It should be noted, that in recent years, following the computerization of the offices, filing does not always follow the proper keys.

Subject to P.M 30.0601, each unit transfers its files to the archive with an inventory attached. The Archive inventory includes all inventories received from the units. In most cases, all inventories are stored in the archive's computer system.

Not all documentation created in the IDF is archived. Files including documents with short retention times are destroyed in the units, subject to the archive's approval. Other files are destroyed in the archive years later.

The file data received from the unit are: unit's name, file's subject, and dates of the earliest and latest documents (inclusive dates), unit's file symbolization, and security classification. The archive adds, in the archiving process, a file archive unique identifier, and physical address in the warehouse.

The identifier is composed of three parts from right to left: archiving year, in four digits; annual serial number, file number within a shipment.

Occasionally the archive improves a file's data by adding an abstract to facilitate the locating of documents. When a file is examined by the "declassification team" or scanned into the computer, a declassification and scanning statuses are recorded in the computer system.

The archive makes little use of the term "Material Bulk:" all files received from a specific unit are considered a unique material bulk, regardless of inclusive dates. ​

Service of subject files

The database of the Israel Defense Forces and Defense Establishment Archive is amenable to a reasonable level of spotting of most requested documentation.

Public service is offered in two modes:

The first: independent search of files which are open to the public, via the reading room system. Archive employees guide applicants, assist them, and if needed even locate files.

Currently there are 50,000 files opened to public scrutiny.

As of now, scrutiny is only possible on the archive's premises, but we intend to establish an online reading room.

The second: a data search by the archive employees. Sometimes it is required because the requested materials, or parts of them, are not yet open to public scrutiny.
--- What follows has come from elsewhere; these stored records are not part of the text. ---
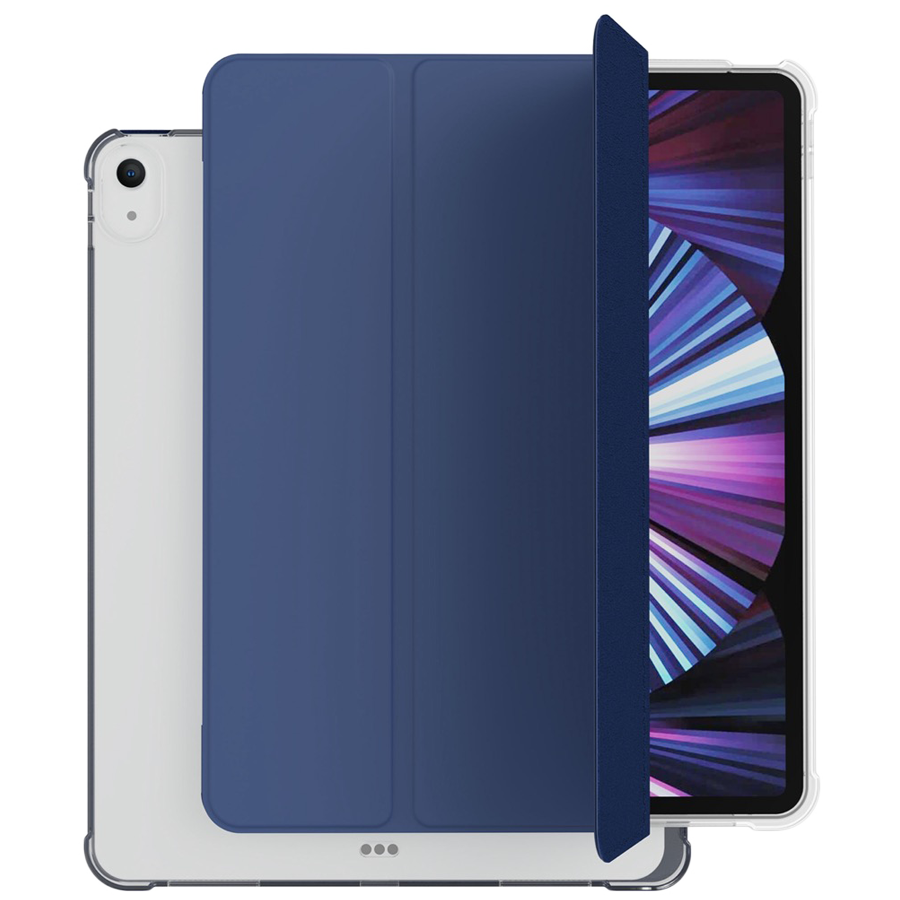 Чехол защитный ''vlp'' Dual Folio для iPad Air 2020 (10.9'')  темно-синий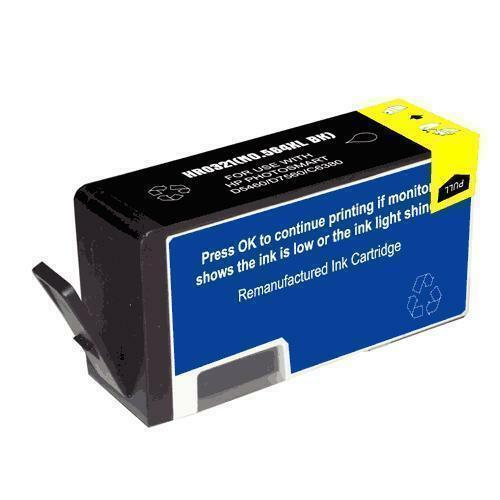 Compatible For HP 564XL Black Ink Printers 5510 6510 6512 6515 7510 5512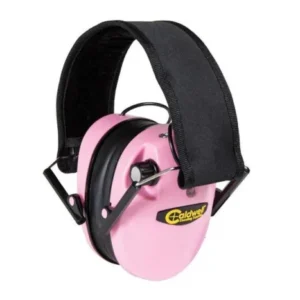 Caldwell E-MAX Low Profile Hearing Protection - Pink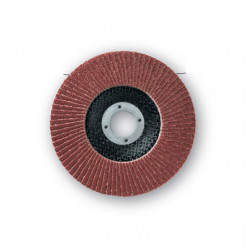 Sidamo 10 Disques Lamelles Lamdisc Plat D.125x22,23 A 60 Support Fibre Kobleo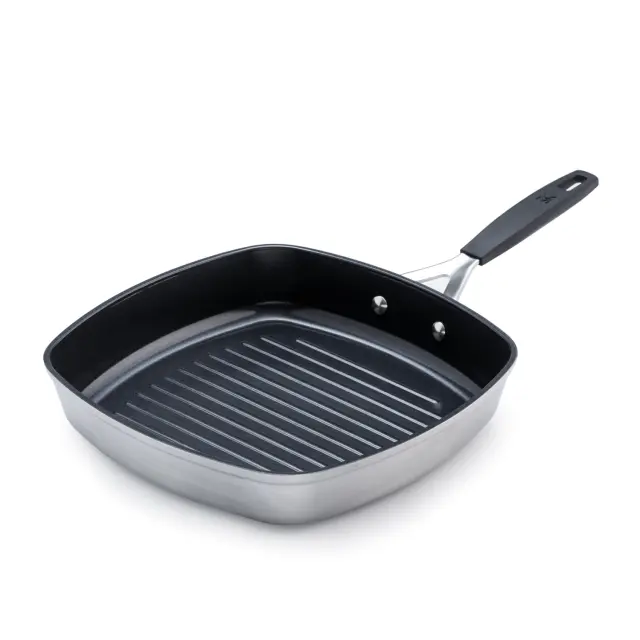 Master Pro Smart Grill Induction Σχαροτήγανο 28x28x5cm
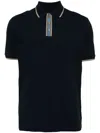 Ps By Paul Smith Ps Paul Smith Mens Regular Fit Short Sleeves Polo Clothing In 蓝色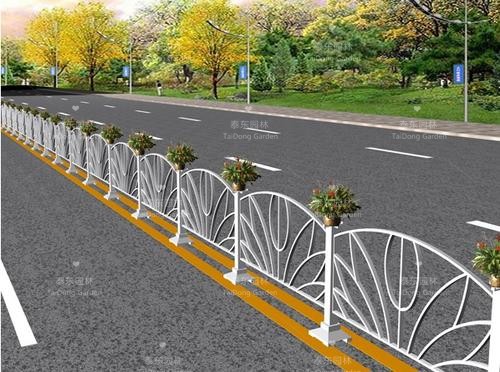道路隔離帶護欄 道路隔離帶護欄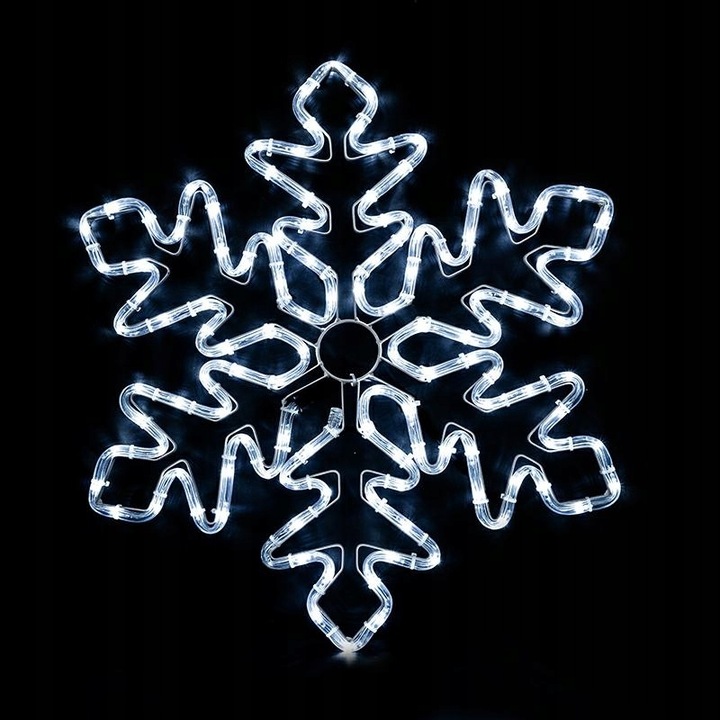 ND32_LD1 LD1 LAMPKI SNIEZYNKA WAZ LED 55CM BIALA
The reading room's computer system makes it possible to locate classified files, and request their use approval. Such requests are first examined in the "Public Scrutiny Unit." The unit's employees may select other files for declassification, or offer alternative files. The classification team examines the files and decides whether to declassify them or not.

A file's classification status fixed by the classification team may be opened (all materials open to public scrutiny), mixed (some documents or details are still classified), or classified (the whole file is closed to public scrutiny).